When a spring pulls on an object, the spring force acts along the spring’s axis. In an FBD you do not draw “a force of the spring constant.” You draw a force arrow and label it as something like $F_s$ or $kx$ with the correct direction.

Also, be careful about what $x$ measures: it is the spring’s change in length from natural length, not the object’s coordinate unless those are the same by the geometry of the setup.

Static equilibrium with a spring (Newton’s second law with $a = 0$)

In equilibrium, the net force is zero.

$\sum F = 0$

That lets you connect spring deformation to other forces.

Worked example 1: vertical spring holding a mass

A mass $m$ hangs from a vertical spring (spring constant $k$) and is at rest. Find the extension $x$ from natural length.

Choose upward as positive. Forces on the mass:

• Spring force upward: magnitude $kx$ (since the spring is stretched, it pulls up)
• Weight downward: $mg$

Equilibrium:

$\sum F_y = 0$

$kx - mg = 0$

So

$x = \frac{mg}{k}$

Conceptual point: the spring extends until its restoring force matches the weight. The extension depends linearly on mass.

Common trap: using the wrong sign for the spring force. If the spring is stretched, it pulls upward on the mass.

Springs with acceleration (Newton’s second law with $a \ne 0$)

Springs often appear when an object is displaced and released or when a spring is part of a connected system. The procedure is the same as always: FBD, choose axes, then apply Newton’s second law.

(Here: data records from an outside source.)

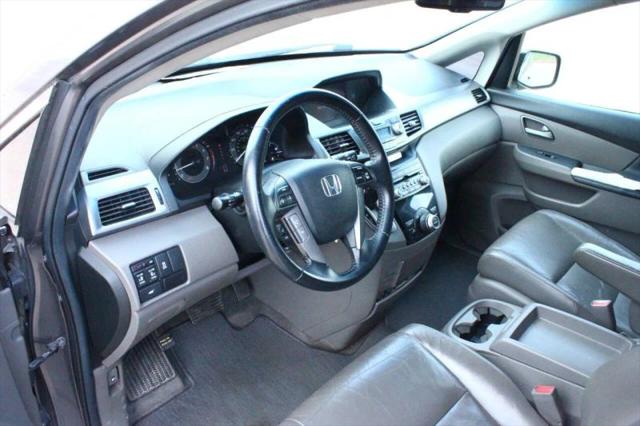 2011 Honda Odyssey EX-L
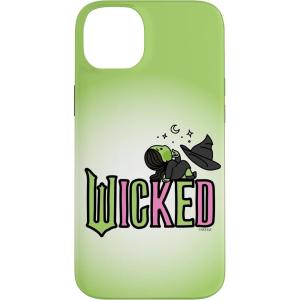 image:imageiPhone 16 Wicked Logo Elphaba Daydreaming Playful Cartoon Style CaseiPhone 14 Plus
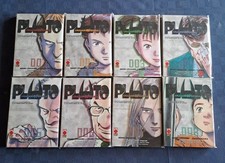 Pluto completa urasawa usato  Roma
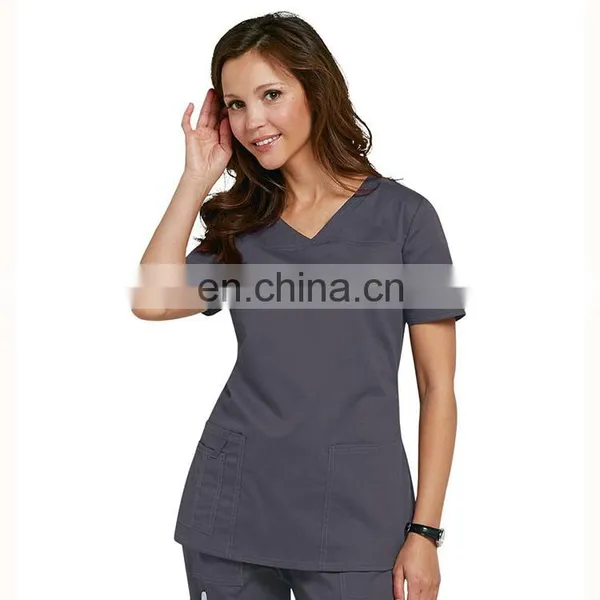 Beautician Clothing Fashion Slim Nurse Uniform Hospital Clothes photo-2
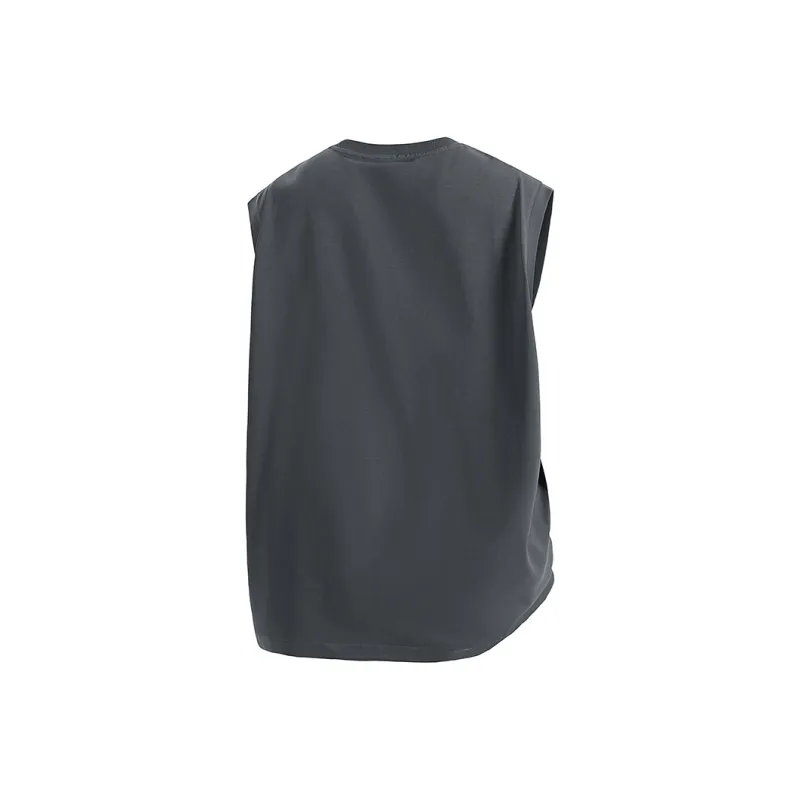 TREK&TRAVEL Tank Tops Unisex-1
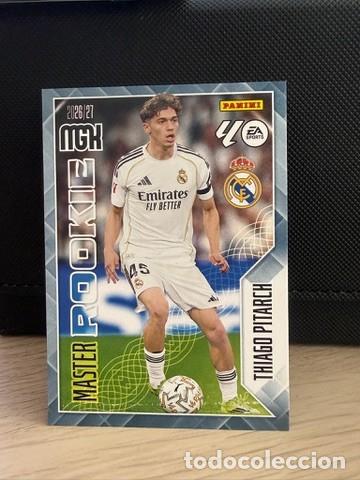 Cartes &agrave; collectionner de Football: 419 MegaCracks 2026 2027 Master Rookie - Thiago Pitarch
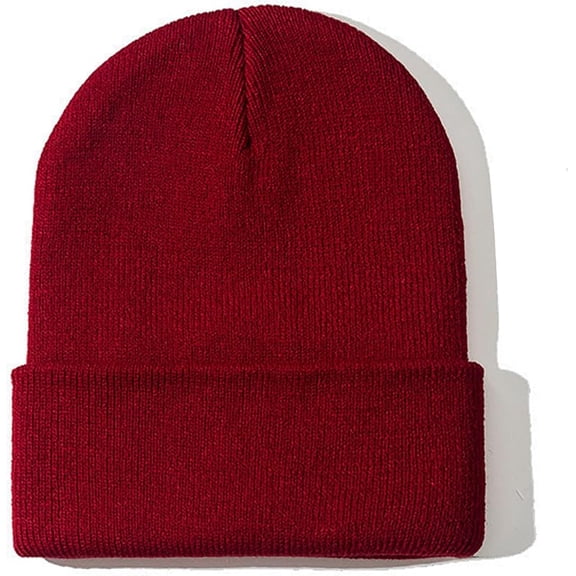 Unisex Beanie for Men and Women Knit Hat Winter Beanies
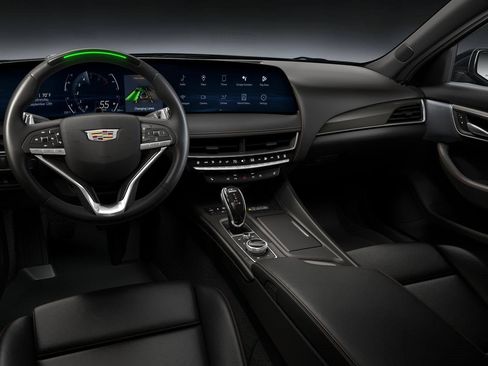 New 2025 Cadillac CT5 Sport w/ Sun And Sound Package image 33
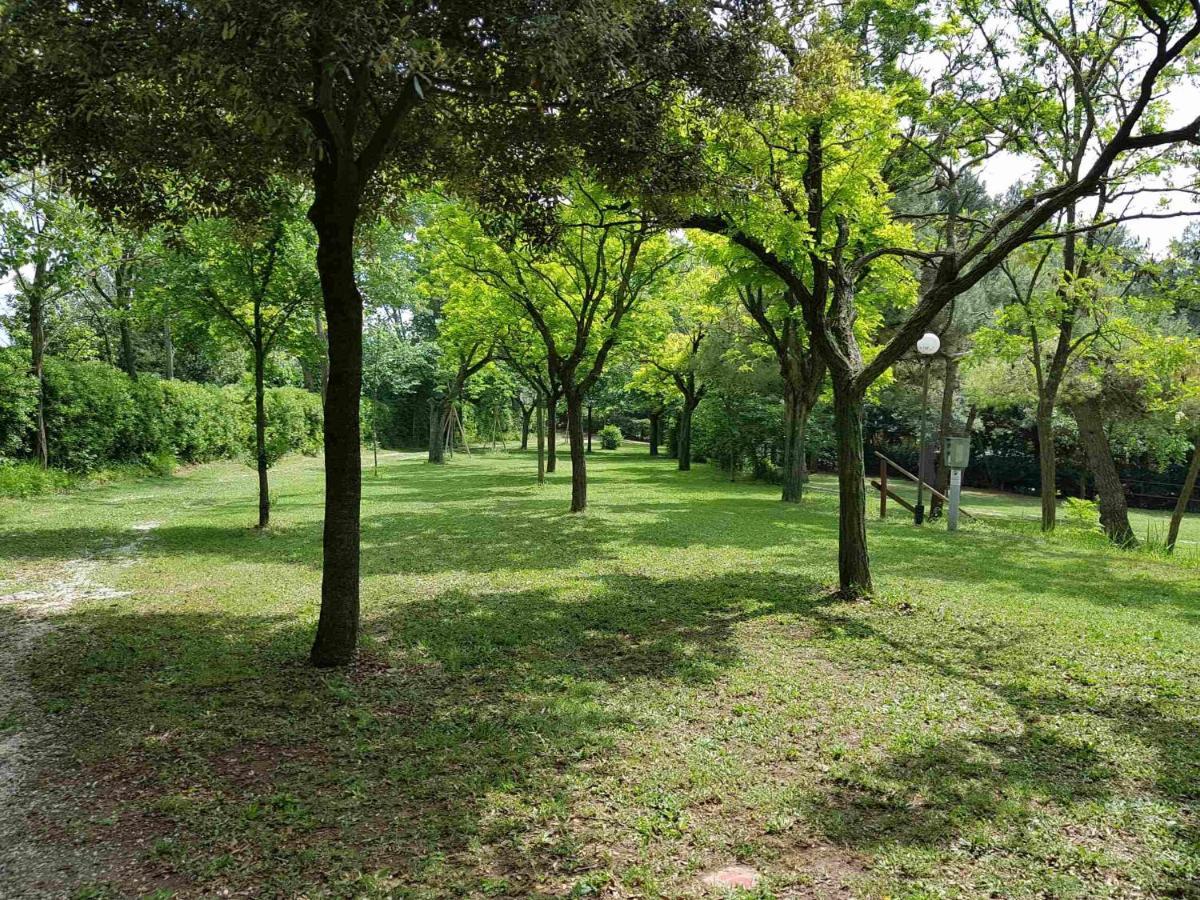 Camping Paradiso Pésaro Exterior foto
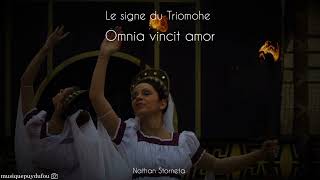 Omnia vincit amor ("le signe du Triomphe" - Puy du Fou) (Officiel)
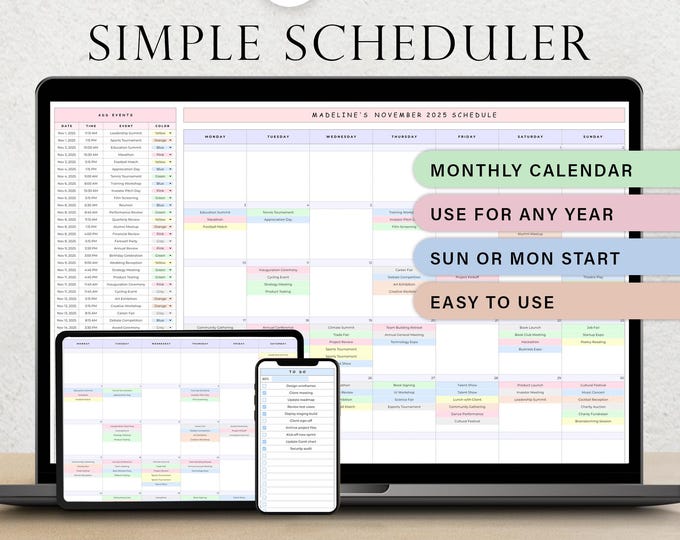 Planners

Worked example 2: horizontal spring, frictionless surface

A block of mass $m$ is attached to a spring on a frictionless horizontal surface. The spring is stretched by distance $x$ and released. Find the acceleration at that instant.

Take +x to the right, with the spring stretched to the right (so $x > 0$). The spring force on the block points left.

Hooke’s law gives

$F_s = -kx$

Newton’s second law:

$\sum F_x = ma$

$-kx = ma$

So

$a = -\frac{k}{m}x$

Interpretation: the acceleration points back toward equilibrium and grows with displacement. This restoring-acceleration relationship is the seed of simple harmonic motion, though the full oscillation model is usually developed later.

Combining springs with other forces (including friction)

Many “applications” problems mix spring forces with friction or inclines. The key is that the spring force depends on deformation, while friction depends on normal force and the static/kinetic condition.

For example, if a spring pulls a block on a rough surface, static friction might prevent motion until the spring force reaches $\mu_s N$. At the threshold of impending motion, you often set

$kx = \mu_s N$

and then use $N$ from vertical force balance.

This is a powerful connection: you can often find the extension needed to “break free” into motion without any kinematics at all.

Notation note: force magnitude vs signed force

Students commonly see both of these styles:

For AP free-response work, the signed form is often safer if you clearly define your coordinate direction.

Exam Focus

• Typical question patterns
  • Use equilibrium to relate extension/compression to weight, tension, or applied forces.
  • Combine spring force with friction to find the minimum stretch/compression needed to start motion.
  • Write Newton’s second law for a mass attached to a spring at a particular displacement to find instantaneous acceleration.
• Common mistakes
  • Measuring $x$ from the wrong reference length (it must be from the spring’s natural length).
  • Dropping the minus sign in $F_s = -kx$ and then losing track of direction.
  • Assuming a spring force is constant; it depends on deformation, so it changes as the system moves.